Voor de duiding van “Overige verbonden maatschappijen verwijst de RJ naar het hiervoor genoemde artikel 361 BW2. En naar alinea 205 van genoemd hoofdstuk 214. In alinea 205 wordt een specificatie gegeven van “Buiten de groep staande verbonden maatschappijen”, te weten:
a. Niet tot de groep behorende moedermaatschappijen;
b. Niet tot de groep behorende dochtermaatschappijen van niet tot de groep behorende moedermaatschappijen;
c. Niet tot de groep behorende dochtermaatschappijen van groepsmaatschappijen;
d. niet tot de groep behorende eigen dochtermaatschappijen.
Wij vinden bovenstaande niet echt duidelijk, maar zijn dan ook geen deskundigen op dit gebied. Voorbeelden zijn dan ook welkom.
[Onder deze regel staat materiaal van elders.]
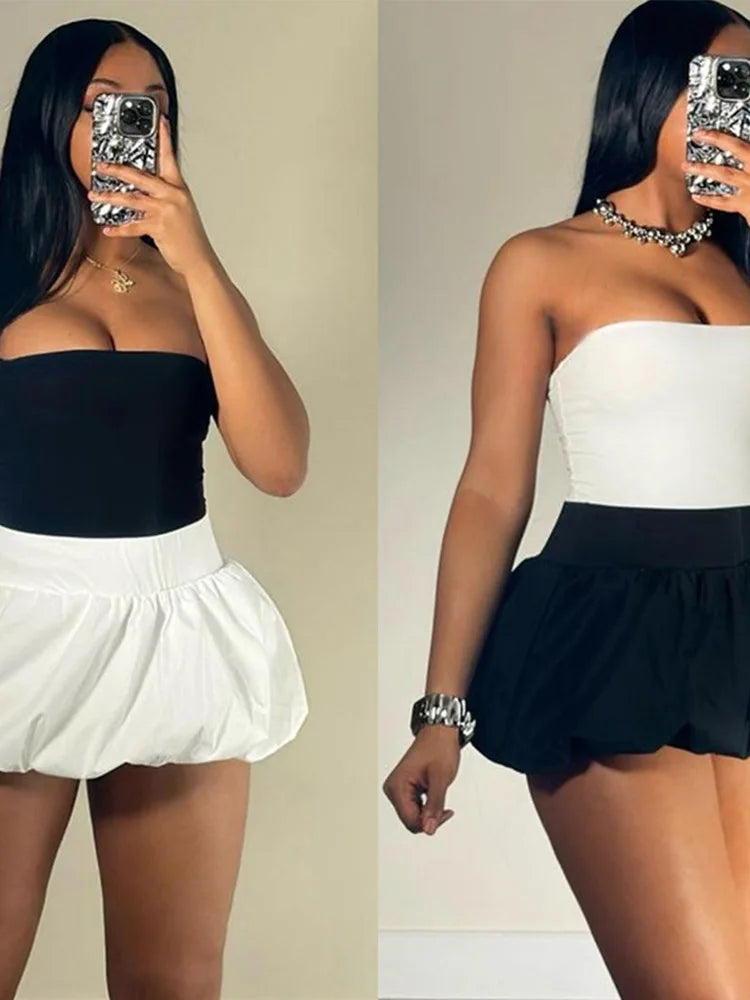 Ball Gown Skirts Women Y2K Hottie 2025 Summer Trend Midnight Waistband Miniskirts Birthday Streetwear Wild Bottoms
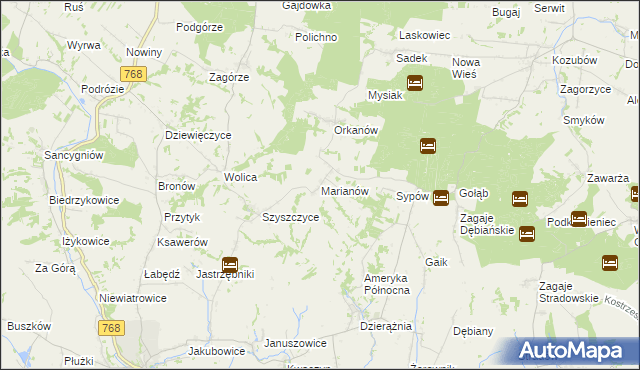 mapa Marianów gmina Działoszyce, Marianów gmina Działoszyce na mapie Targeo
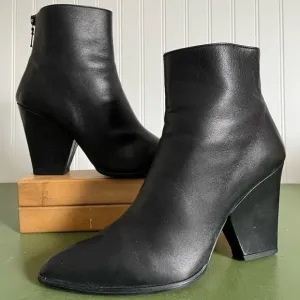 Stuart Weitzman Wedge Heel Ankle Boots in Black Glove Leather *Spain*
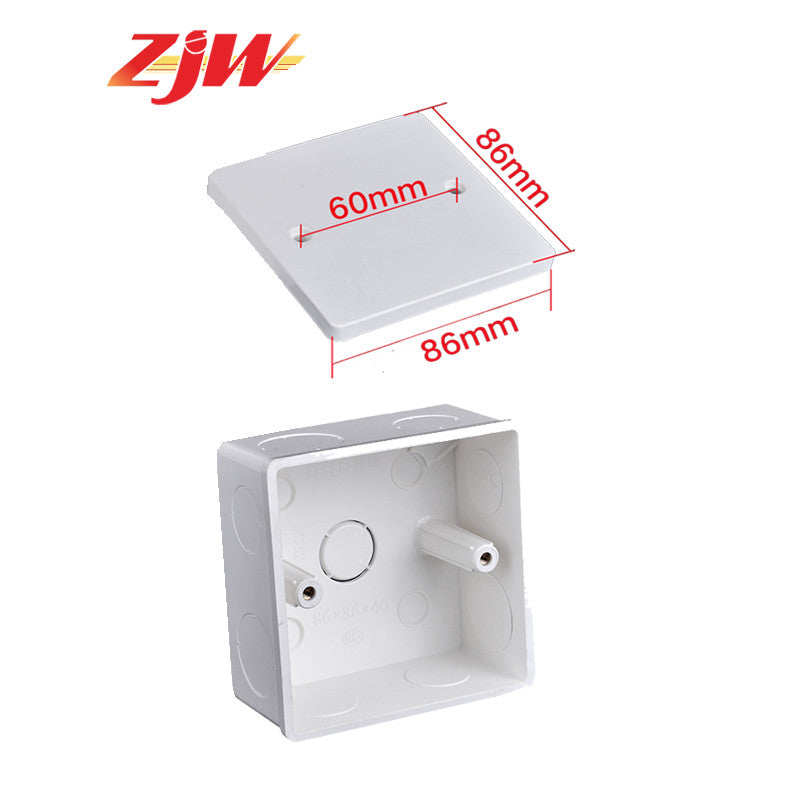ZJW 1pc 86*86mm Wall Mounted Junction Box BS Plastic IP55  Connection Box Cable Branch Box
In de uitgave “Administratie van deelnemingen en consolidatie” (Noordhoff Uitgevers, 2e druk, H. Beckman en E. Rijswijk) wordt als indeling genoemd:
1. Deelneming in Groepsmaatschappijen;
2. Deelneming in Geassocieerde maatschappijen;
3. Overige deelnemingen.
Hier wordt dus naast groepsmaatschappijen en overige deelnemingen gesproken over geassocieerde deelnemingen waarbij, volgens betreffende uitgave, invloed van betekenis moet zijn. Met, net als bij een deelneming in een groepsmaatschappij, een verwijzing naar Artikel 389 Burgerlijk Wetboek Boek 2.
Betreffende uitgave meldt dat als de invloed van betekenis beslissend is er in de regel sprake is van een rechtstreekse of middellijke deelneming in een groepsmaatschappij. Als daarentegen wel sprake is van invloed van betekenis, maar zonder beslissende invloed dan zou sprake zijn van een geassocieerde deelneming.
Hiermee stellen we niet dan een overige verbonden maatschappij gelijk is aan een geassocieerde maatschappij. We zijn wel op zoek naar voorbeelden en eventueel extra uitleg om bovenstaande nader te duiden, dus zowel overige verbonden maatschappijen, als geassocieerde maatschappijen, als overeenkomsten en verschillen daartussen.